● Task instructions:
Only one stretch of the data below should be repeated: the lines from the line containing "Sitzendes gehäkeltes Amigurumi-Schaf" through the line containing "a kitchen with", inclusive, exactly as they are.
Top of Records for the task
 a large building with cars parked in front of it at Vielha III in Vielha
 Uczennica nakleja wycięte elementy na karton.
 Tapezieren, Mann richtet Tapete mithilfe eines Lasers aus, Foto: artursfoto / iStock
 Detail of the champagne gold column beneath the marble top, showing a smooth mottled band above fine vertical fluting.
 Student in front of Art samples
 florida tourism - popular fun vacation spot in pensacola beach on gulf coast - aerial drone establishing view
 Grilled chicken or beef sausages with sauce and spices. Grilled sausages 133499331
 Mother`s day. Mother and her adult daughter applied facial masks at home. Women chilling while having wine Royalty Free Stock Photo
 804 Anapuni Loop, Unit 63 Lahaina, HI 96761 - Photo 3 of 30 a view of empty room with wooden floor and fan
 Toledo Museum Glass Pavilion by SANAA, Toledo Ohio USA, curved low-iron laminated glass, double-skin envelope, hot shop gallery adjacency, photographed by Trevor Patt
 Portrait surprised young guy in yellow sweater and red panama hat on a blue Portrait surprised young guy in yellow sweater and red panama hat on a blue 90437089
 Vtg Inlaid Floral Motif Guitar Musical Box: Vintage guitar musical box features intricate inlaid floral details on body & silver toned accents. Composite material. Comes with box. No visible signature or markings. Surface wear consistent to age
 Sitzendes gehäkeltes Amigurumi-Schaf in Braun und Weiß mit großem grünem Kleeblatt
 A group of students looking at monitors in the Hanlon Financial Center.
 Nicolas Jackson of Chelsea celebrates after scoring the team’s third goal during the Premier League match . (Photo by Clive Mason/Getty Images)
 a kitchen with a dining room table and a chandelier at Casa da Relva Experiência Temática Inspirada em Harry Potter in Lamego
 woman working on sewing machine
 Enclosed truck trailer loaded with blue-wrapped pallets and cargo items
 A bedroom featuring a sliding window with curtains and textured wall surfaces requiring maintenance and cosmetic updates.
Bottom of Records for the task
● Result of the task:
 Sitzendes gehäkeltes Amigurumi-Schaf in Braun und Weiß mit großem grünem Kleeblatt
 A group of students looking at monitors in the Hanlon Financial Center.
 Nicolas Jackson of Chelsea celebrates after scoring the team’s third goal during the Premier League match . (Photo by Clive Mason/Getty Images)
 a kitchen with a dining room table and a chandelier at Casa da Relva Experiência Temática Inspirada em Harry Potter in Lamego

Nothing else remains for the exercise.